Anatomy of a web request
Let’s say you have a Drupal site, freshly minted from the most recent release of Drupal core, and you’ve built out a basic site with content, users, and a theme. When someone visits that site there are a number of things Drupal needs to do in order to deliver a response to that user. It is important to keep in mind that Drupal builds pages dynamically, which gives you great flexibility when customizing sections of your site based off of path, user roles, product categories, or any other criteria.
That customization comes a cost, however, because Drupal has to make calls to the database and use server memory to execute PHP functions. There is, of course, a limit to the number of concurrent PHP processes a server can run at any given time, and this is the most common bottleneck in uncached Drupal performance. When PHP processes are tied up it means that Apache must hold a request and wait for a process to become free; this will result in the server’s CPU warming up as it waits on other services. Eventually, when the queues for these services are too busy requests will time out, which is what we want to avoid.
So, how do we avoid a rush on PHP processes if Drupal needs those resources to build pages? The first thing we should do is enable page caching to prevent Drupal from doing the same work twice, or two hundred times. Going back to the example above, when a user types example.com into a browser the process to deliver a page to that user looks like this:
- DNS server routes the request to your hosting provider.
- Drupal receives the request for example.com and boots up.
- Drupal connects to its database to pull together all of the elements of that page.
- PHP code turns the query results into an object which is passed to the theme engine.
- A themed page is rendered and delivered to the user.
Now, that’s a very simplified workflow, but it gives you an idea of what Drupal is doing in broad strokes. With our currently uncached site this workflow must be stepped through for every single request, even if two users make the exact same request, which is where caching can help us reduce the load on server resources.
Starting from scratch with Drupal cache
Let’s lay out a scenario where an uncached Drupal site can be optimized, so redundant requests aren’t sent to origin (Apache, PHP, MySQL). We’ll start with enabling Drupal core’s cache settings which are located at Administration > Configuration > Performance > Development > Performance. Here you’ll see a number of options in Drupal 7, while the Drupal 8 version of this page is a bit more straightforward.

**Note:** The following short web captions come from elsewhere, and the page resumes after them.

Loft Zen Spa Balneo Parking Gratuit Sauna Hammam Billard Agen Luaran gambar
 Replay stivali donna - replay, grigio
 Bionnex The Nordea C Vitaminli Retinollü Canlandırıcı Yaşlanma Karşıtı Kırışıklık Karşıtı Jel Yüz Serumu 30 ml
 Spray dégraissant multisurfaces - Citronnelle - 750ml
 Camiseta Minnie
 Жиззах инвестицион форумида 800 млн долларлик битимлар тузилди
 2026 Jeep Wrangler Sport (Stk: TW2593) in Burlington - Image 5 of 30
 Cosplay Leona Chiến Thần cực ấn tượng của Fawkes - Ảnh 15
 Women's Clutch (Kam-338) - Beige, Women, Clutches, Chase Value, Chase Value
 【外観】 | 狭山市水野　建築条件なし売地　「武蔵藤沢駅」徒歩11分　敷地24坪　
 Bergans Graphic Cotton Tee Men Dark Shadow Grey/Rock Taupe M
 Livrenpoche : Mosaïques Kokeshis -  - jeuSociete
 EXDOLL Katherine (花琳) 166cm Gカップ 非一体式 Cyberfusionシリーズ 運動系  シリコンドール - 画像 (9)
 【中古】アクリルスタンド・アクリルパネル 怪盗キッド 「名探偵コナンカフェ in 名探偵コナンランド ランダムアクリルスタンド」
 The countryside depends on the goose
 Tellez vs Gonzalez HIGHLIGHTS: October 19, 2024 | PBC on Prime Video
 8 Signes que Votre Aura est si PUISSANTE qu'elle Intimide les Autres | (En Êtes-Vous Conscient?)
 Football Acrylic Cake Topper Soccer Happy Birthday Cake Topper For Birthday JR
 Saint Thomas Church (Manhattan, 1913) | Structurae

In Drupal 7 you’ll see an option to first enable page caching for anonymous user, an option to enable caching of blocks, and then fields to set the lifetime of cached items. Each site will have its own requirements around what TTLs (time to live settings) work best given your use case, but let’s start with caching enabled and a 5 minute setting for “Expiration of cached page.” This configuration will mean that when a request is made for a uncached page (like in the scenario above), once the page is rendered a static copy will be stored in MySQL so that subsequent requests for that page, for the next 5 minutes, will be served the static copy rather than having Drupal query, build, and render a new dynamic copy. This will result in far fewer requests to origin until the TTL of the cached page expires. After the 5 minute cache TTL expires, the next request made will go to origin and a new static copy will be stored in cache.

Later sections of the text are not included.